Edito da Centro Internazionale Diffusione Stampa, Roma, 1978, 16 p.
Estratto dall’inizio dell’opuscolo
Tutta la nostra esistenza è preordinata secondo norme che ci espropriano.
La vita quotidiana della donna è ritmata da gabbie successive: le mura della casa, i suoi ruoli (figlia, moglie, madre), il lavoro. Apparentemente sono gabbie aperte, in realtà la donna vi è rigettata continuamente dentro come unico luogo dove il cosiddetto femminile può esprimersi.
Riusciamo a liberarci… che già ci troviamo incarcerate in un altro ruolo. Questa spirale oppressiva e annientatrice di noi come persone si rafforza e prende terreno proprio mentre la società ci “accetta” e si rispecchia.
C’è anche una nostra necessità di essere accettate; questa, se da una parte costruisce tutte le deformazioni e le storture dei nostri bisogni, dall’altra ci costringe ad adattarci a comportamenti imposti. In noi stesse c’è il divieto, l’abitudine, l’adattamento.

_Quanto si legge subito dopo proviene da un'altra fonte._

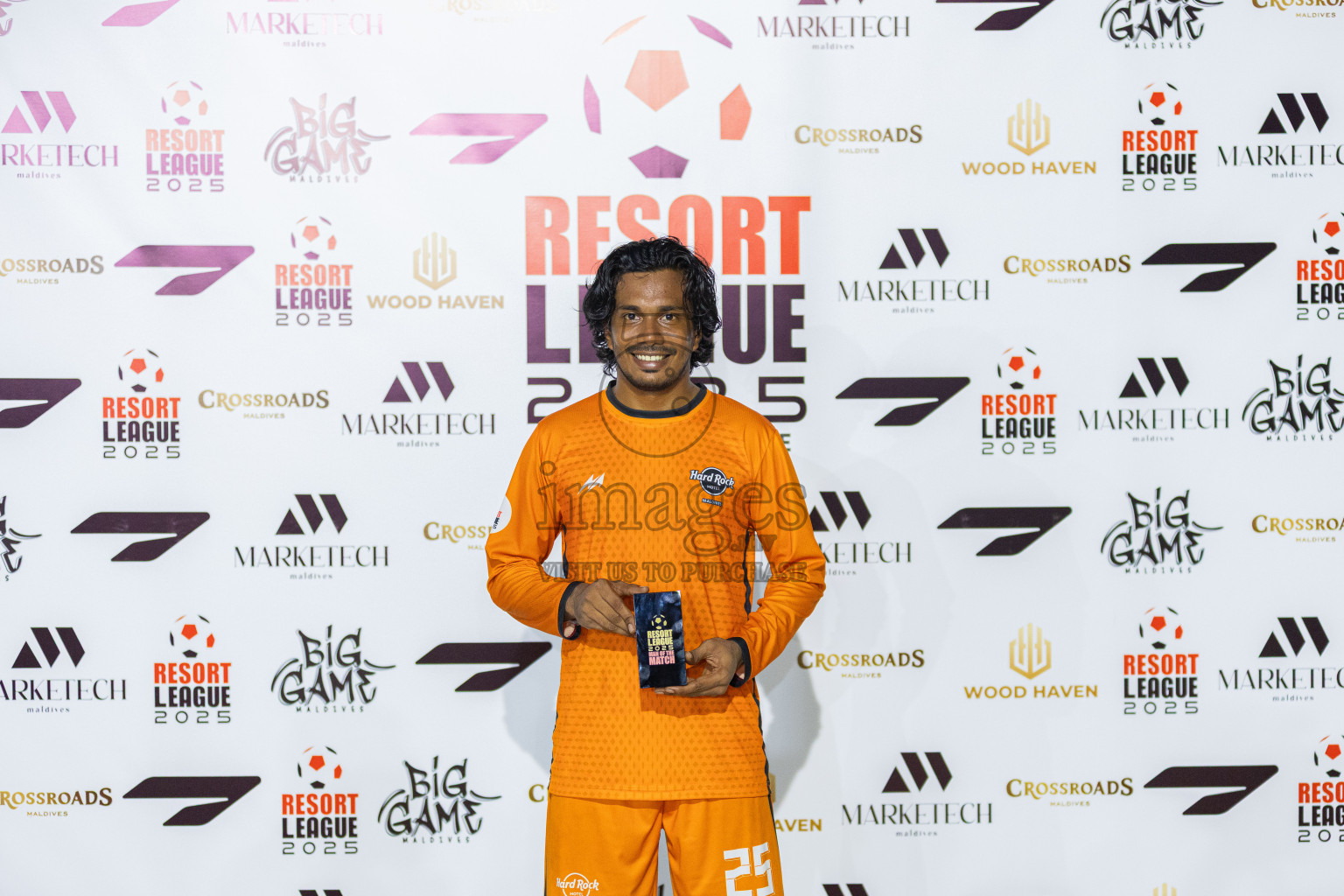 Hard Rock vs SO/ Maldives in Resort League 2025 (South Male Zone) day 10 was held on Tuesday, 7th October 2025 in Crossroads's Maldives, Photos: Areef Adam / images.mv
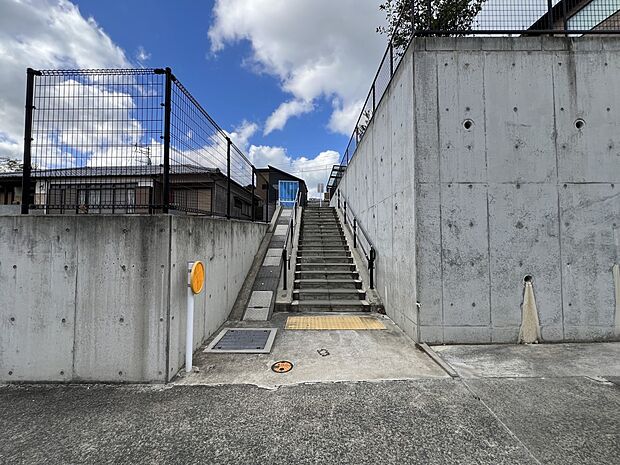【現地外観写真】1号棟横:法外道路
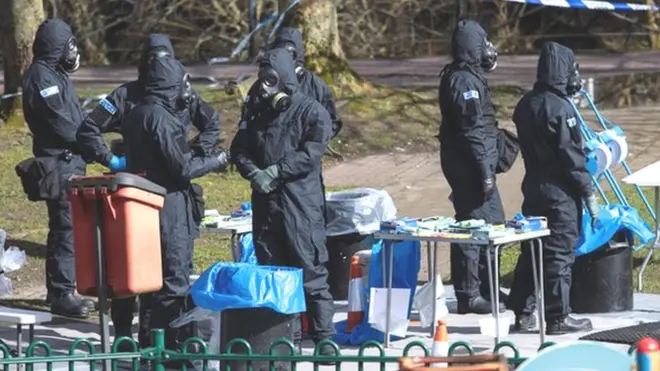 Офицеры подразделения 29155 могут быть причастны к отравлению Скрипалей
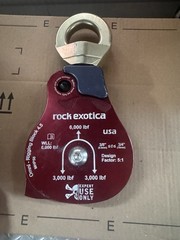 Rock Exotica MHP58 4.5 inch Swivel Pulley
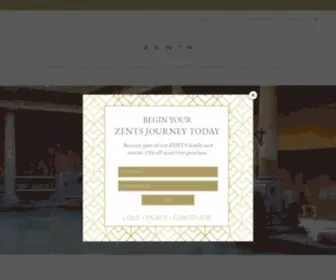 Zents.com(Official Site) Screenshot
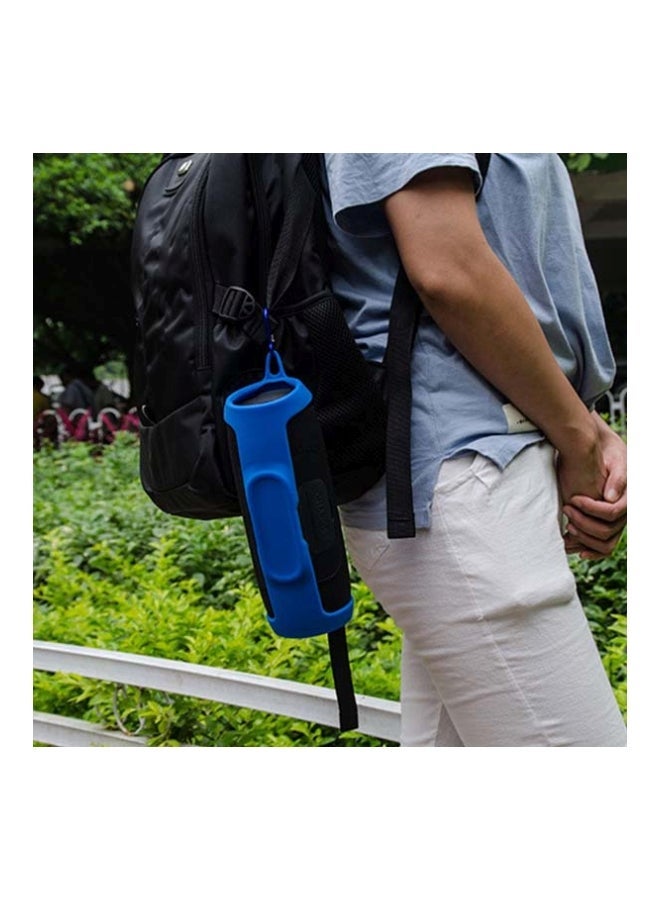 NIBEMINENT Protective Bag For JBL Charge 3 Blue - Image 4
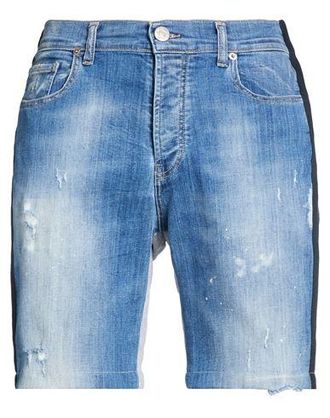 PMDS Premium Mood Denim Superior BOTTOMWEAR - Shorts jeans su YOOX.COM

LE NUOVE, le sue mura di cinta danno un senso di terrore. Sembrano ‘‘l’estraneità”’’ dello stato, espressione fisica e visibile del luogo separato, l’espiazione della pena. Sembrano fuori del nostro percorso, già così rigidamente articolato; un iceberg di vite sopravvissute. Ma corrispondono per negativo ad una rottura violenta nel sociale o ad una ‘devianza’ dalla norma.
Per poter dire qualcosa sul carcere come istituzione bisogna capire le fasi di incarceramento nel nostro quotidiano, come donne. Ricostruirle a ritroso, scardinare le norme per collocarci interamente e consapevolmente nel sociale. Le gabbie: del ruolo sono elemento di ricomposizione: la donna che sta al suo posto è funzionale a conservare e a riprodurre gli stessi rapporti sociali. L’istituzione carcere, intervenendo su un rifiuto, su una ribellione sociale e politica, riconferma l’ordinamento esistente ed è perciò interna alla nostra pratica di vita.